Every crime includes an injury: every injury includes a violation of a right. The investigations, which we have hitherto made concerning rights, will direct our course in that which we are now to make concerning wrongs.
I assumed, though, for the reasons assigned, I have not yet proved, that a man has a right to his property. I begin my enumeration of crimes with those which infringe this right.
I have observed that every injurious violation of our rights, natural and civil, absolute and relative, may lay the foundation of a crime.a I did not mean, however, to insinuate, by this observation, that every injury ought to be considered by the law in a criminal point of view. For every injury let reparation be made by the civil code, in proportion to the loss sustained; but let those injuries alone, which become formidable to society by their intrinsick atrocity, or by their dangerous example, be resented by society and prosecuted as crimes. Agreeably to this principle, a private injury done without actual violence, cannot be prosecuted by an indictment.b It is not considered as affecting the community.
This principle, however, seems to have gained its full establishment only by the liberality of modern times. It is remarkable, that a law made on this liberal principle, in an early period of Pennsylvania, was repealed by the king in council.c But this is not the only instance, in which the improving spirit of our legislation has been at first checked, but has received subsequent countenance by late decisions in England.
With the enjoyment and security of property, the security and the authenticity of its evidences is intimately connected. For this reason, dangerous and deliberate attacks upon that security or authenticity are crimes by the common law.
James Wilson (1742 – 1798) was one of the Founding Fathers of the United States and a signer of the United States Declaration of Independence. Wilson was elected twice to the Continental Congress, and was a major force in drafting the United States Constitution. A leading legal theoretician, he was one of the six original justices appointed by George Washington to the Supreme Court of the United States.

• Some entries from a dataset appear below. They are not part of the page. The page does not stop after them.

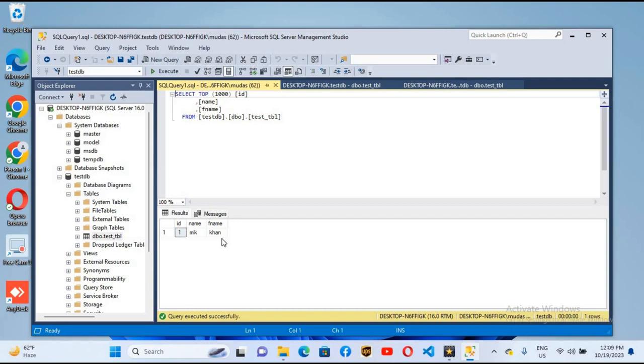So this was the installation of SQL Server on Windows 11. I hope you like the video. If you like the video please like, subscribe, and comment. Thank you.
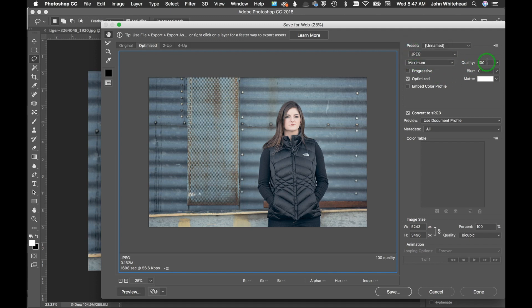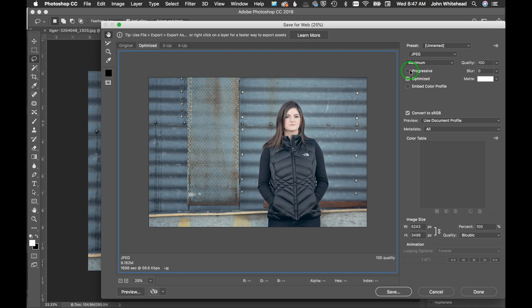Progressive is something you don't really see used anymore. Back in the old days when you had a baud rate of nine, it would load images up in three steps. That's just not something you want to do anymore.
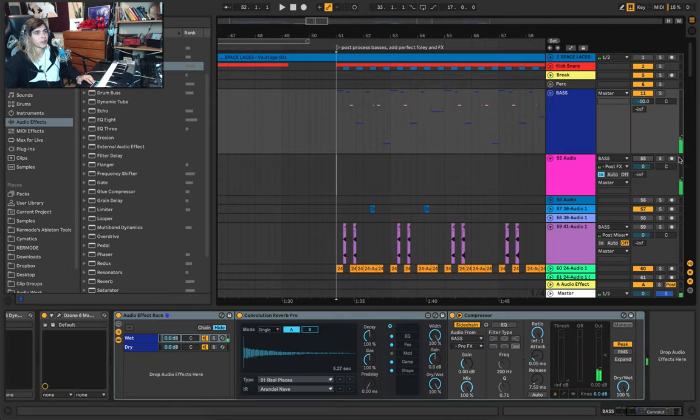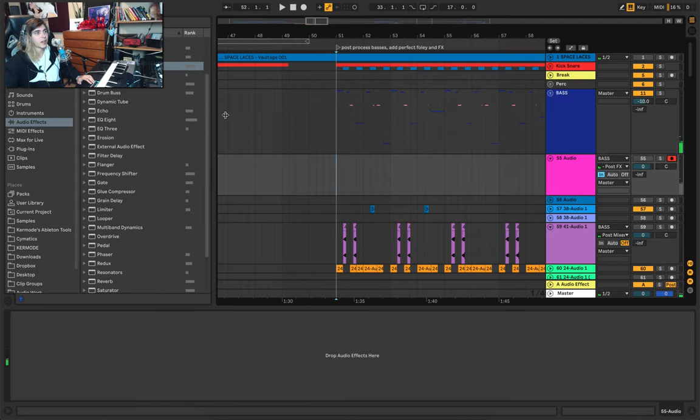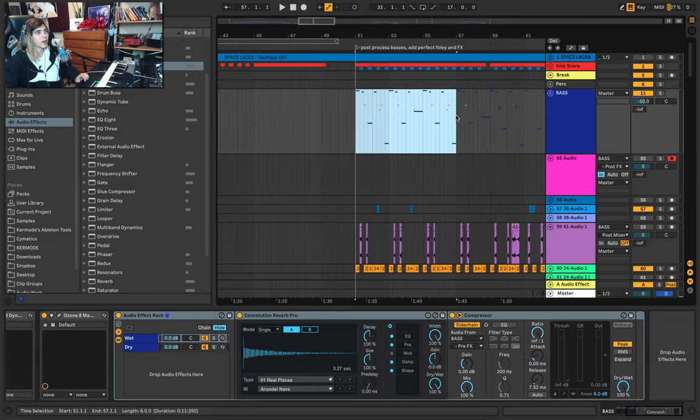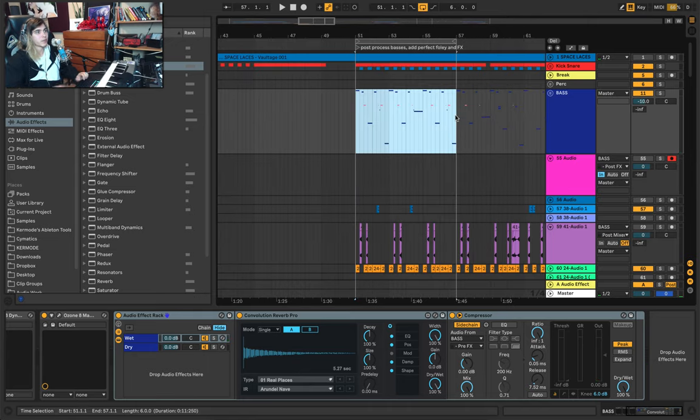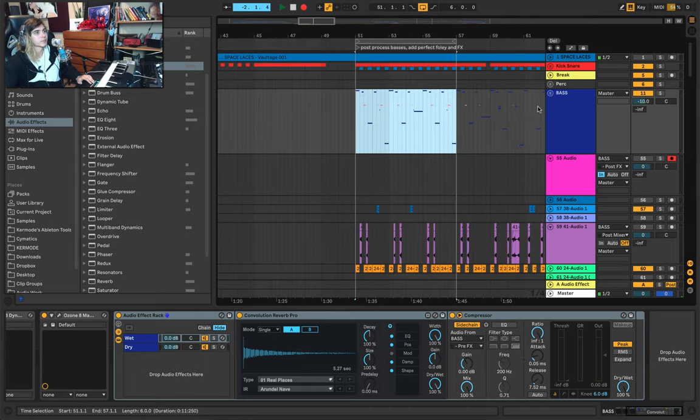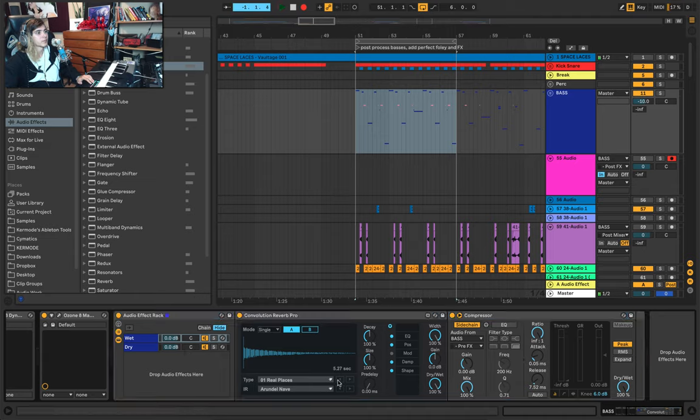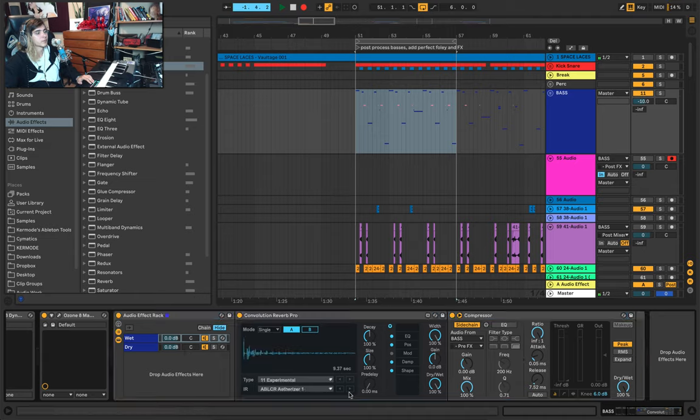So I toggle this off. I hit record. I loop. And I just try out different reverb presets.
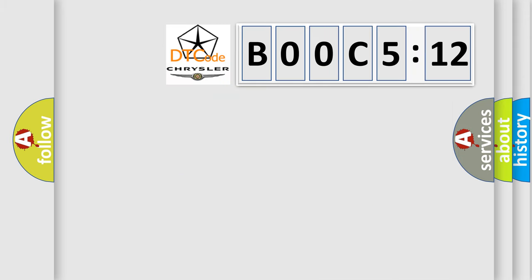So, what does the diagnostic trouble code B00C 512 interpret specifically for Chrysler car manufacturers? The basic definition is:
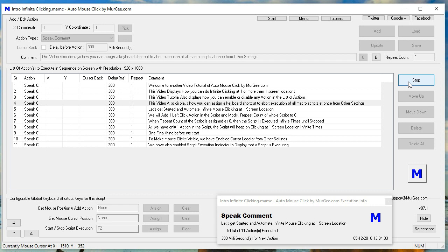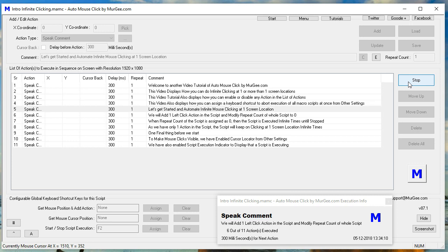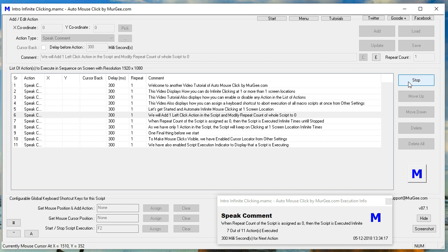Let's get started and automate infinite mouse clicking at one screen location. We will add one left click action in the script and modify the repeat count of the whole script to zero. When the repeat count of the script is assigned as zero, the script is executed infinite times until stopped.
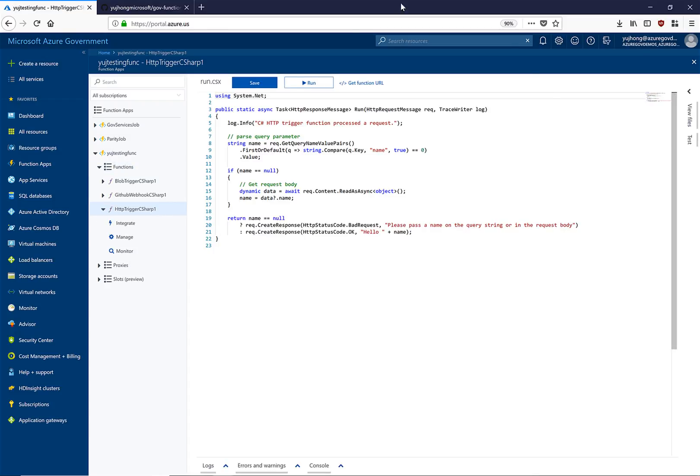Now you can see the function that I just created. If we look at the code, it is just parsing a name query parameter and then printing that name parameter out on the page.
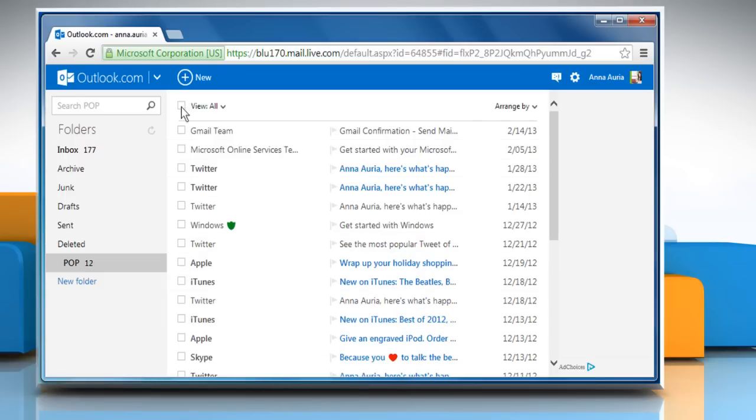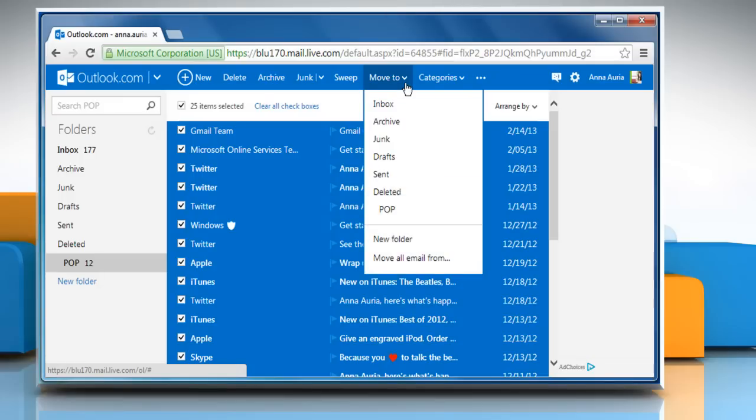Select the checkbox at the top of the screen and it will select all your mails. Open the Move To dropdown and select Deleted.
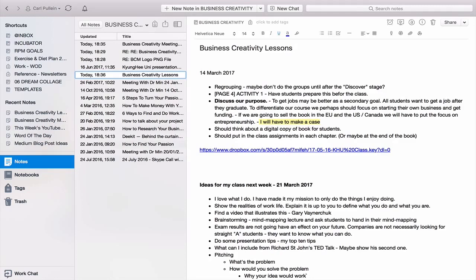Hopefully that clears up some of the issues from the last couple of episodes about what Evernote is good for and not good for. I hope it gives you some ideas on how you can link Evernote and Dropbox together, or indeed Google Drive if you prefer. Thanks very much for watching this episode — I wish you a very productive week.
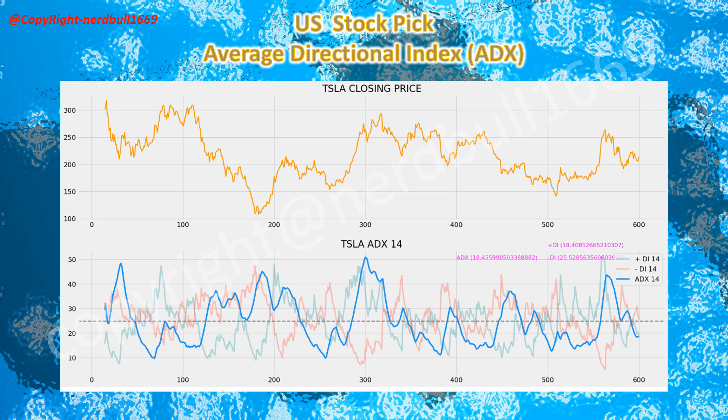Coming to the technical analysis using the average directional index (ADX): Tesla's ADX is below 20, with the negative DI above the positive DI, suggesting weak trend momentum. But we should be seeing investor confidence coming back following the China-made EV sales for August. With the rate hike possibility coming up, this should show some buying demand and help push the ADX above the 20 level, with the positive DI moving above the negative DI.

One of the most prominent lawyers of his time, Wilson is credited for being the most learned of the Framers of the Constitution. A fellow delegate in the Constitutional Convention of 1787 in Philadelphia made the following assessment of James Wilson: "Government seems to have been his peculiar study, all the political institutions of the world he knows in detail, and can trace the causes and effects of every revolution from the earliest stages of the Grecian commonwealth down to the present time."
Wilson's most lasting impact on the country came as member of the Committee of Detail, which produced the first draft of the United States Constitution in 1787 (a year after the death of his wife). He wanted senators and the president to be popularly elected. He also proposed the Three-Fifths Compromise at the convention, which made slaves count as three-fifths of a person for representation in the House and Electoral College. Along with James Madison, he was perhaps the best versed of the framers in the study of political economy. He understood clearly the central problem of dual sovereignty (nation and state) and held a vision of an almost limitless future for the United States. Wilson addressed the Convention one hundred-sixty-eight times.
He was nominated to be a Justice of the United States Supreme Court by George Washington on September 24, 1789, after the court was implemented under the Judiciary Act of 1789. He was confirmed by the United States Senate on September 26, 1789, and received commission on September 29, 1789. Only nine cases were heard by the court from his appointment in 1789 until his death in 1798.
He became the first professor of law at the College of Philadelphia in 1790—only the second at any academic institution in the United States—in which he mostly ignored the practical matters of legal training. Like many of his educated contemporaries, he viewed the academic study of law as a branch of a general cultured education, rather than solely as a prelude to a profession.